Corporate India is busy restructuring — through mergers, demergers and splits.
That seems to be the new normal as CXOs and boards brainstorm on how to create assets and value.
The pitch rose significantly during the third quarter of this financial year (FY24), translating into $32.9-billion worth of such deals — the highest quarterly total since the HDFC Bank-HDFC merger announced in FY22 Q2.
Deals create shareholder value and give synergy benefits, executives explained.
Supratim Dutta, executive director and chief financial officer of ITC Ltd, said the group’s hotel business had matured and scaled up over the years and was now poised to chart its own growth path.
In August, a scheme of demerger was approved amongst ITC, ITC Hotels and their shareholders as well as creditors.

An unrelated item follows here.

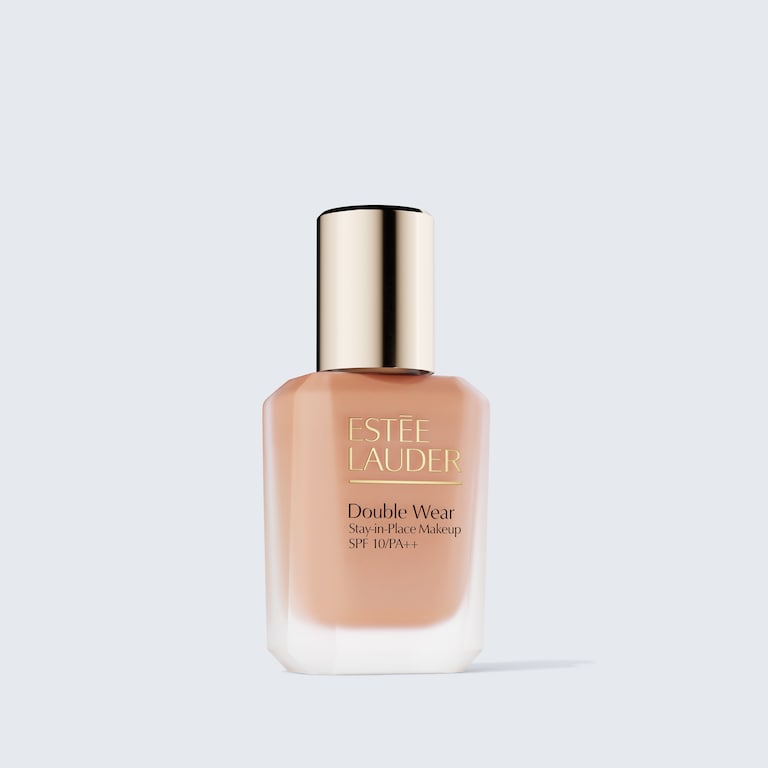 Double Wear Stay-in-Place Longwear Matte Foundation SPF 10, 30.0 ml, 3N1 Ivory Beige, 3N1, Product Shot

ITC Hotels had merged with ITC Ltd in 2004 to consolidate the group’s hotels business and scale it up.
Besides ITC, energy to telecom conglomerate Reliance Industries was among the major groups opting for a restructuring recently. RIL’s $18.4-billion split of its financial services arm, Jio Financial Services, is the largest deal involving an Indian company this year.
The merger of IDFC Ltd and IDFC FIRST Bank and the demerger of Jio Financial Services accounted for more than 60 per cent of the September quarter deal value of $32.9 billion.
Of the largest five deals this year, five were announced since July, according to Refinitiv, a global provider of data.
Vedanta Ltd became the latest corporate giant to join the restructuring bandwagon when it said last month it would split five key businesses and list them separately.
Analysts said the reorganisation was necessitated by the massive debt of the promoter entity, Vedanta Resources Ltd (VRL), which has received a huge dividend from its Indian subsidiary in the last two years to repay part of its debt.
"As Indian conglomerates expand, they venture into diverse businesses.
"With some divisions now sizable, demerging them creates value for both the company and shareholders,’’ said Abhilash Pagaria, head of Nuvama alternative and quantitative research.
In this market frenzy, seizing the opportunity ensures optimal valuation for these entities, making it a strategic move for growth, Pagaria pointed out.
According to ITC’s Dutta, with the demerger, the new entity would operate with an optimal capital structure and with the ability to fund its own growth requirement as well as the flexibility to attract the right set of investors.
The arrangement is also aimed at unlocking value for ITC shareholders, whilst reinforcing the group’s sharper capital allocation strategy, he said.
Tata Steel, which is merging seven group companies with itself, has said the amalgamation will integrate the steel value chain and ensure a common face to market.
It will allow the business to provide a bouquet approach to customers in terms of offerings of value added products. Its board had approved the schemes for amalgamation in September 2022.
Of all the recent merger and demerger deals, Vedanta is attracting attention more than others.
Vedanta chairman Anil Agarwal has said the demerger of his group’s Indian unit will unlock value and create potential for faster growth in each vertical.
Analysts are not so convinced that a reorganisation will resolve the debt issue.
"We remain concerned that the precarious debt situation at Vedanta Resources is still unaddressed," said analysts with CreditSights.
"While we acknowledge the company’s efforts to create more shareholder value, we see cash leakage via dividend upstreaming largely unchanged and still a prominent issue in the new corporate structure.”
The recently reported observation of Amit Tandon, managing director and founder of proxy advisory firm Institutional Investor Advisory Services India, that Vedanta restructuring reminds him of rearranging of the deck chairs on the Titanic, may be telling but no one reason explains why mergers and demergers are increasingly driving corporate India’s strategies.